WHAT TO PRODUCE >> All of the records should be given again exactly as they appear.
-- SUPPLIED MATERIAL follows --
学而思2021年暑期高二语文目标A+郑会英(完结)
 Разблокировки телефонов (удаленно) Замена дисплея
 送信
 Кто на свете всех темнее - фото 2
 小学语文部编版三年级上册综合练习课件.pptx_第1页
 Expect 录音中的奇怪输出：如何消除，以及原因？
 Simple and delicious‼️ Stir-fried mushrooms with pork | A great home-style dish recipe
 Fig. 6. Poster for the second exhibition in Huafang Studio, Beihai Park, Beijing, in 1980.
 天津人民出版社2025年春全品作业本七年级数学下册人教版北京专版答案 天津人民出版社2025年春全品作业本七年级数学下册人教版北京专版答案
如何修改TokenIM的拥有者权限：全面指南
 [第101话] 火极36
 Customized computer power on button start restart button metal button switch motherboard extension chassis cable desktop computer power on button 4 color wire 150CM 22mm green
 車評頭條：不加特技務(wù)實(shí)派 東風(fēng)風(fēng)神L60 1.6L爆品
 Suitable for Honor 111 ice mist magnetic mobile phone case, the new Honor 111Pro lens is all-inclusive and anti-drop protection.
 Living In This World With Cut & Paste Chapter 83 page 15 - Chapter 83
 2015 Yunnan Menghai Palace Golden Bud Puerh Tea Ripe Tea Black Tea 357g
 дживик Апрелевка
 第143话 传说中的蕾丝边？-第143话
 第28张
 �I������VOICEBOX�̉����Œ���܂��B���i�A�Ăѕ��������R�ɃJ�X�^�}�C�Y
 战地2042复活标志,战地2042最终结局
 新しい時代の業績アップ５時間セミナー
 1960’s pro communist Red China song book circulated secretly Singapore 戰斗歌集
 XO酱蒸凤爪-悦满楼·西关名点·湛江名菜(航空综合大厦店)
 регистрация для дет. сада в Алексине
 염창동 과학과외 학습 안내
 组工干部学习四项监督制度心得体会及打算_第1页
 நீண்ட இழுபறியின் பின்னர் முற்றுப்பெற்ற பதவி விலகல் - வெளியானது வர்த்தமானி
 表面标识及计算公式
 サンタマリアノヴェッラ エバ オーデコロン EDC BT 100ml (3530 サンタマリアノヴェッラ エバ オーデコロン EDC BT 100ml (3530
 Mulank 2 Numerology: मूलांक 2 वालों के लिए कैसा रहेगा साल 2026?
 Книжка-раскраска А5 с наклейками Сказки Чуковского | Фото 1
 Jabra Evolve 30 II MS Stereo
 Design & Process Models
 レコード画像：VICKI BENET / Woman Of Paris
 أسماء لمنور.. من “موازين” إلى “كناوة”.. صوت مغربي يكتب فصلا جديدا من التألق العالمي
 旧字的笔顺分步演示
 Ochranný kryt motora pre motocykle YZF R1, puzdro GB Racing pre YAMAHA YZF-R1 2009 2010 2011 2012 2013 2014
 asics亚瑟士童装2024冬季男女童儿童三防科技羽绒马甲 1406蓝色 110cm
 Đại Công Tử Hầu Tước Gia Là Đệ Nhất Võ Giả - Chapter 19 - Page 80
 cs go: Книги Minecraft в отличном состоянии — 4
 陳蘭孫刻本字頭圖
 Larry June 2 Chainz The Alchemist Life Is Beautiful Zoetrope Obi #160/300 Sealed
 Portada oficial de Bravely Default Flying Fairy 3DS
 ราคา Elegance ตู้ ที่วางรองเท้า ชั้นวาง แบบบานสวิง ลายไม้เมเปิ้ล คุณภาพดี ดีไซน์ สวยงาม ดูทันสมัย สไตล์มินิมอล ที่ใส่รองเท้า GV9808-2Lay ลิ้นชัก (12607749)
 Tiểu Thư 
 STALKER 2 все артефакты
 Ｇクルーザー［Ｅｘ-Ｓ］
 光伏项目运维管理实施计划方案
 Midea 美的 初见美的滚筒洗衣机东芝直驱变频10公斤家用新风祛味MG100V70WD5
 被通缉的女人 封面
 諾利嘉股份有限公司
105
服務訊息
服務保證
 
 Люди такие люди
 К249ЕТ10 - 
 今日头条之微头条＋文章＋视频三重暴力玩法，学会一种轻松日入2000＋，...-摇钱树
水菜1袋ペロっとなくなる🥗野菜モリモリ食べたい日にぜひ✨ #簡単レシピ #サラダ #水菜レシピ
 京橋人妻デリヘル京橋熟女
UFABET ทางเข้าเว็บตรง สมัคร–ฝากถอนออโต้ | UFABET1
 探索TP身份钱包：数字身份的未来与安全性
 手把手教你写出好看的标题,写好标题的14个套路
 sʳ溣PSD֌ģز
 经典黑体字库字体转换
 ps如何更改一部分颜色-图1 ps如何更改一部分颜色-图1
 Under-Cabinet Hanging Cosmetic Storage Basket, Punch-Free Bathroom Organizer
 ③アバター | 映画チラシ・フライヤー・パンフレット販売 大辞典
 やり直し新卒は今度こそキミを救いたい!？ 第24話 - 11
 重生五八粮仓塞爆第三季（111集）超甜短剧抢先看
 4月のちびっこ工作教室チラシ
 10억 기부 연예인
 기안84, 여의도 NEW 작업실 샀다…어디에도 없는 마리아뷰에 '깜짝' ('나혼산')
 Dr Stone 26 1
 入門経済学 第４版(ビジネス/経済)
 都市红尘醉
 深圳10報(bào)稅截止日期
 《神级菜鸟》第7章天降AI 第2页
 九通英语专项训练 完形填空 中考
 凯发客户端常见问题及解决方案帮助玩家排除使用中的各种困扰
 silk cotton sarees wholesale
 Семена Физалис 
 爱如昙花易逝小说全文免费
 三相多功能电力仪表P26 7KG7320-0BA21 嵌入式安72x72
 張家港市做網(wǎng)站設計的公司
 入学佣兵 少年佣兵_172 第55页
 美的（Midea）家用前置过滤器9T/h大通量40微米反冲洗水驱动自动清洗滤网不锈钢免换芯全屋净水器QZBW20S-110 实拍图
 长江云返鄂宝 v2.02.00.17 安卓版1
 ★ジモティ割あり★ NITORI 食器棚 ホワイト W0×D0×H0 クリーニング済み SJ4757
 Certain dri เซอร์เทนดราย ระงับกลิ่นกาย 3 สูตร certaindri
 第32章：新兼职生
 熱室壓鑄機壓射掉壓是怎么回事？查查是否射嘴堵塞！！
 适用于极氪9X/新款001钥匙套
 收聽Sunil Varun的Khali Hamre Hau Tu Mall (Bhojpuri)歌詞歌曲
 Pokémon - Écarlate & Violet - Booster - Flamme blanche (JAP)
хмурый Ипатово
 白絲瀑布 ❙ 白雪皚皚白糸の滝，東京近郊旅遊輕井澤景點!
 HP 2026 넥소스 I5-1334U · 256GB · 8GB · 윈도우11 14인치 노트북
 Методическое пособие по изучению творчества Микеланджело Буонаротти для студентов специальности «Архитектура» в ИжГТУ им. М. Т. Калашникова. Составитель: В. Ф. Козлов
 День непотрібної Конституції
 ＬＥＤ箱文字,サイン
-- SUPPLIED MATERIAL concluded --
ANSWER FOR THE TASK >>
学而思2021年暑期高二语文目标A+郑会英(完结)
 Разблокировки телефонов (удаленно) Замена дисплея
 送信
 Кто на свете всех темнее - фото 2
 小学语文部编版三年级上册综合练习课件.pptx_第1页
 Expect 录音中的奇怪输出：如何消除，以及原因？
 Simple and delicious‼️ Stir-fried mushrooms with pork | A great home-style dish recipe
 Fig. 6. Poster for the second exhibition in Huafang Studio, Beihai Park, Beijing, in 1980.
 天津人民出版社2025年春全品作业本七年级数学下册人教版北京专版答案 天津人民出版社2025年春全品作业本七年级数学下册人教版北京专版答案
如何修改TokenIM的拥有者权限：全面指南
 [第101话] 火极36
 Customized computer power on button start restart button metal button switch motherboard extension chassis cable desktop computer power on button 4 color wire 150CM 22mm green
 車評頭條：不加特技務(wù)實(shí)派 東風(fēng)風(fēng)神L60 1.6L爆品
 Suitable for Honor 111 ice mist magnetic mobile phone case, the new Honor 111Pro lens is all-inclusive and anti-drop protection.
 Living In This World With Cut & Paste Chapter 83 page 15 - Chapter 83
 2015 Yunnan Menghai Palace Golden Bud Puerh Tea Ripe Tea Black Tea 357g
 дживик Апрелевка
 第143话 传说中的蕾丝边？-第143话
 第28张
 �I������VOICEBOX�̉����Œ���܂��B���i�A�Ăѕ��������R�ɃJ�X�^�}�C�Y
 战地2042复活标志,战地2042最终结局
 新しい時代の業績アップ５時間セミナー
 1960’s pro communist Red China song book circulated secretly Singapore 戰斗歌集
 XO酱蒸凤爪-悦满楼·西关名点·湛江名菜(航空综合大厦店)
 регистрация для дет. сада в Алексине
 염창동 과학과외 학습 안내
 组工干部学习四项监督制度心得体会及打算_第1页
 நீண்ட இழுபறியின் பின்னர் முற்றுப்பெற்ற பதவி விலகல் - வெளியானது வர்த்தமானி
 表面标识及计算公式
 サンタマリアノヴェッラ エバ オーデコロン EDC BT 100ml (3530 サンタマリアノヴェッラ エバ オーデコロン EDC BT 100ml (3530
 Mulank 2 Numerology: मूलांक 2 वालों के लिए कैसा रहेगा साल 2026?
 Книжка-раскраска А5 с наклейками Сказки Чуковского | Фото 1
 Jabra Evolve 30 II MS Stereo
 Design & Process Models
 レコード画像：VICKI BENET / Woman Of Paris
 أسماء لمنور.. من “موازين” إلى “كناوة”.. صوت مغربي يكتب فصلا جديدا من التألق العالمي
 旧字的笔顺分步演示
 Ochranný kryt motora pre motocykle YZF R1, puzdro GB Racing pre YAMAHA YZF-R1 2009 2010 2011 2012 2013 2014
 asics亚瑟士童装2024冬季男女童儿童三防科技羽绒马甲 1406蓝色 110cm
 Đại Công Tử Hầu Tước Gia Là Đệ Nhất Võ Giả - Chapter 19 - Page 80
 cs go: Книги Minecraft в отличном состоянии — 4
 陳蘭孫刻本字頭圖
 Larry June 2 Chainz The Alchemist Life Is Beautiful Zoetrope Obi #160/300 Sealed
 Portada oficial de Bravely Default Flying Fairy 3DS
 ราคา Elegance ตู้ ที่วางรองเท้า ชั้นวาง แบบบานสวิง ลายไม้เมเปิ้ล คุณภาพดี ดีไซน์ สวยงาม ดูทันสมัย สไตล์มินิมอล ที่ใส่รองเท้า GV9808-2Lay ลิ้นชัก (12607749)
 Tiểu Thư 
 STALKER 2 все артефакты
 Ｇクルーザー［Ｅｘ-Ｓ］
 光伏项目运维管理实施计划方案
 Midea 美的 初见美的滚筒洗衣机东芝直驱变频10公斤家用新风祛味MG100V70WD5
 被通缉的女人 封面
 諾利嘉股份有限公司
105
服務訊息
服務保證
 
 Люди такие люди
 К249ЕТ10 - 
 今日头条之微头条＋文章＋视频三重暴力玩法，学会一种轻松日入2000＋，...-摇钱树
水菜1袋ペロっとなくなる🥗野菜モリモリ食べたい日にぜひ✨ #簡単レシピ #サラダ #水菜レシピ
 京橋人妻デリヘル京橋熟女
UFABET ทางเข้าเว็บตรง สมัคร–ฝากถอนออโต้ | UFABET1
 探索TP身份钱包：数字身份的未来与安全性
 手把手教你写出好看的标题,写好标题的14个套路
 sʳ溣PSD֌ģز
 经典黑体字库字体转换
 ps如何更改一部分颜色-图1 ps如何更改一部分颜色-图1
 Under-Cabinet Hanging Cosmetic Storage Basket, Punch-Free Bathroom Organizer
 ③アバター | 映画チラシ・フライヤー・パンフレット販売 大辞典
 やり直し新卒は今度こそキミを救いたい!？ 第24話 - 11
 重生五八粮仓塞爆第三季（111集）超甜短剧抢先看
 4月のちびっこ工作教室チラシ
 10억 기부 연예인
 기안84, 여의도 NEW 작업실 샀다…어디에도 없는 마리아뷰에 '깜짝' ('나혼산')
 Dr Stone 26 1
 入門経済学 第４版(ビジネス/経済)
 都市红尘醉
 深圳10報(bào)稅截止日期
 《神级菜鸟》第7章天降AI 第2页
 九通英语专项训练 完形填空 中考
 凯发客户端常见问题及解决方案帮助玩家排除使用中的各种困扰
 silk cotton sarees wholesale
 Семена Физалис 
 爱如昙花易逝小说全文免费
 三相多功能电力仪表P26 7KG7320-0BA21 嵌入式安72x72
 張家港市做網(wǎng)站設計的公司
 入学佣兵 少年佣兵_172 第55页
 美的（Midea）家用前置过滤器9T/h大通量40微米反冲洗水驱动自动清洗滤网不锈钢免换芯全屋净水器QZBW20S-110 实拍图
 长江云返鄂宝 v2.02.00.17 安卓版1
 ★ジモティ割あり★ NITORI 食器棚 ホワイト W0×D0×H0 クリーニング済み SJ4757
 Certain dri เซอร์เทนดราย ระงับกลิ่นกาย 3 สูตร certaindri
 第32章：新兼职生
 熱室壓鑄機壓射掉壓是怎么回事？查查是否射嘴堵塞！！
 适用于极氪9X/新款001钥匙套
 收聽Sunil Varun的Khali Hamre Hau Tu Mall (Bhojpuri)歌詞歌曲
 Pokémon - Écarlate & Violet - Booster - Flamme blanche (JAP)
хмурый Ипатово
 白絲瀑布 ❙ 白雪皚皚白糸の滝，東京近郊旅遊輕井澤景點!
 HP 2026 넥소스 I5-1334U · 256GB · 8GB · 윈도우11 14인치 노트북
 Методическое пособие по изучению творчества Микеланджело Буонаротти для студентов специальности «Архитектура» в ИжГТУ им. М. Т. Калашникова. Составитель: В. Ф. Козлов
 День непотрібної Конституції
 ＬＥＤ箱文字,サイン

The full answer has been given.